Each line in the material below, starting at the one that contains "If you have" and ending at the one that contains "Hello, welcome to", should be repeated exactly; the pictures should not.

- [DATA FOR THIS EXERCISE]:
============
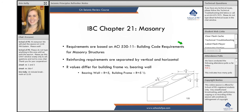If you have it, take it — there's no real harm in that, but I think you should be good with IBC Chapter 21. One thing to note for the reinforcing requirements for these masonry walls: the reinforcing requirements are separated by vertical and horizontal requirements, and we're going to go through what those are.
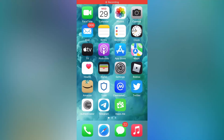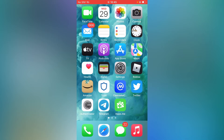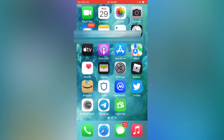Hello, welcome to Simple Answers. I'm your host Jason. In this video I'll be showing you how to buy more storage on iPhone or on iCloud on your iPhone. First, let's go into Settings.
============
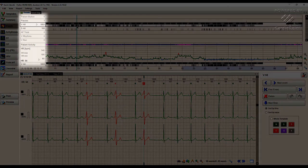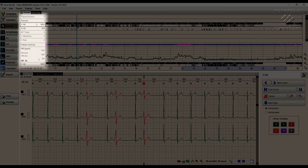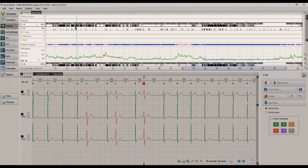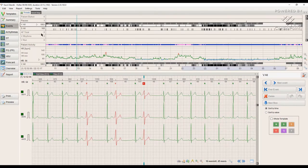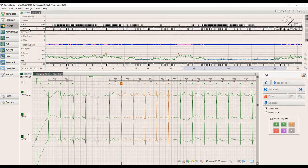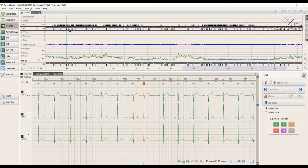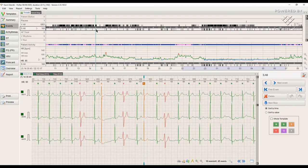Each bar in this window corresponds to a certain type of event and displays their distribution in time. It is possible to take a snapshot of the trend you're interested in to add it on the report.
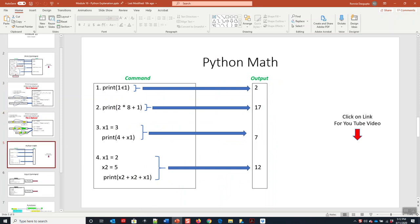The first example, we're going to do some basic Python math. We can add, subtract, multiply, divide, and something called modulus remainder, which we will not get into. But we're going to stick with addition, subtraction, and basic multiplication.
============
- [ANSWER SPACE]:
If you have it, take it — there's no real harm in that, but I think you should be good with IBC Chapter 21. One thing to note for the reinforcing requirements for these masonry walls: the reinforcing requirements are separated by vertical and horizontal requirements, and we're going to go through what those are.
Hello, welcome to Simple Answers. I'm your host Jason. In this video I'll be showing you how to buy more storage on iPhone or on iCloud on your iPhone. First, let's go into Settings.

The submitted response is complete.